- [Problem description]: Every line in the records below between the one holding "Viral Akun Minta" and the one holding "Vista general de", inclusive, is to be set down exactly; all other lines are to be left out.

- [Recorded information]:
===
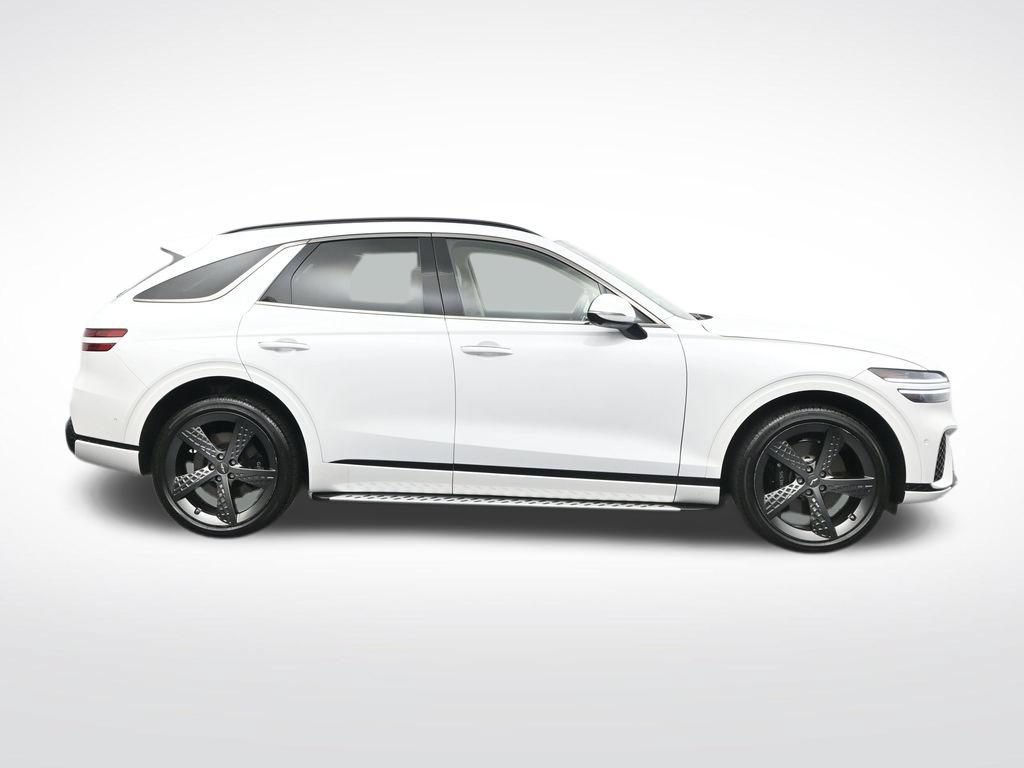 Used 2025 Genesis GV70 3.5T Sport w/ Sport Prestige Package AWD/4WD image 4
===
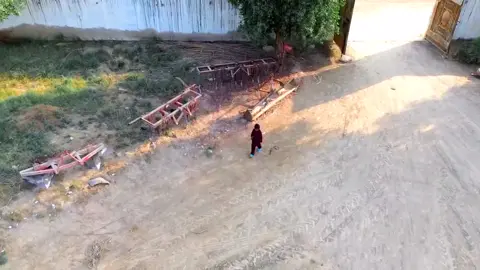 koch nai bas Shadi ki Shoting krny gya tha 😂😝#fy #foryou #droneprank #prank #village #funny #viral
===
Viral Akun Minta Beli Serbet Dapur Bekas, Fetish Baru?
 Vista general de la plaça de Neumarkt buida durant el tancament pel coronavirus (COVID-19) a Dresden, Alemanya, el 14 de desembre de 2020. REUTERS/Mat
===
- [Answer to this task]:
Viral Akun Minta Beli Serbet Dapur Bekas, Fetish Baru?
 Vista general de la plaça de Neumarkt buida durant el tancament pel coronavirus (COVID-19) a Dresden, Alemanya, el 14 de desembre de 2020. REUTERS/Mat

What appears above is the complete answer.